A guide for Spring 2021 ENGL 202 students to learn how to research and cite.
Most types of sources are not peer reviewed. Almost all sources go through some kind of review process to ensure the quality of the literature and the science it's describing, but the gold-standard peer review process only happens in journals.
Source type Peer reviewed?
Research article in a peer-reviewed journal
Chapter in a scholarly book ⛔️
Dissertations ⛔️

Conference proceedings

⛔️

Preprints

⛔️

Books of any kind

⛔️

Book reviews published in peer reviewed journals

⛔️

Editorials, letters to the editor, and other short pieces featured in peer reviewed journals

⛔️

Peer review is an essential component of the scholarly publishing process. When done correctly, it is a vital part of building trust and maintaining high standards of quality for published research. Here are the main steps in the process:

  1. The author submits their work to a journal.
  2. The journal's editor reads it and decides whether to bring it under review. At this stage she's looking for first indications not just of the quality of the article and the science underpinning it, but also of the relevance of the research to the field and to the journal itself.
  3. If the editor wants to go ahead with the article, she'll send it to 3 to 5 of the author's "peers," who work in the same field.
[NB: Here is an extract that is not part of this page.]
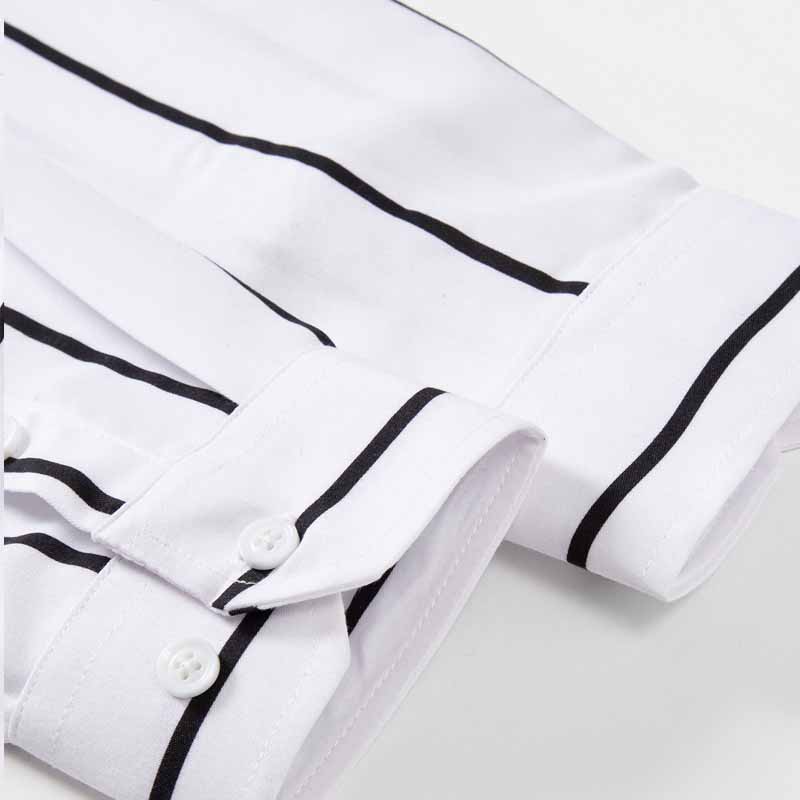 Men's Striped Dress Shirt Long - огляд і ціна Mens Fashion Dress Shirts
They are asked to "review" the article.
    1. The review is usually "double blind" which means the author doesn't know who the reviewers are, and the reviewers don't know who the author is.
  4. Each reviewer assess the article for a number of factors, including the overall quality of the author's study or experiment, the soundness of the results, whether the author's conclusions or discoveries are meaningful to the field, and how the writing can be improved. 
  5. Reviewers provide feedback to the journal editor, including a recommendation (accept, accept with revisions, or reject), and suggestions for revisions to the article. The editor aggregates all of this information and shares it with the author.
  6. There may be multiple rounds of revisions, as the author makes updates and the editor accepts or rejects them. This is often the lengthiest part of the publication process.
  7. Eventually, if all goes well, the editor will eventually decide the article is ready to be accepted. When it is published, it will be considered by everyone to be a peer reviewed article.

If you can say "Yes" to the following things, you should definitely cite your source:

  • I directly quoted a work.
  • I summarized or discussed the work of an author.
  • I used an image or media from the author.

When *shouldn't* you cite a source?

  • It's common knowledge
  • It's an idiom or proverb without source.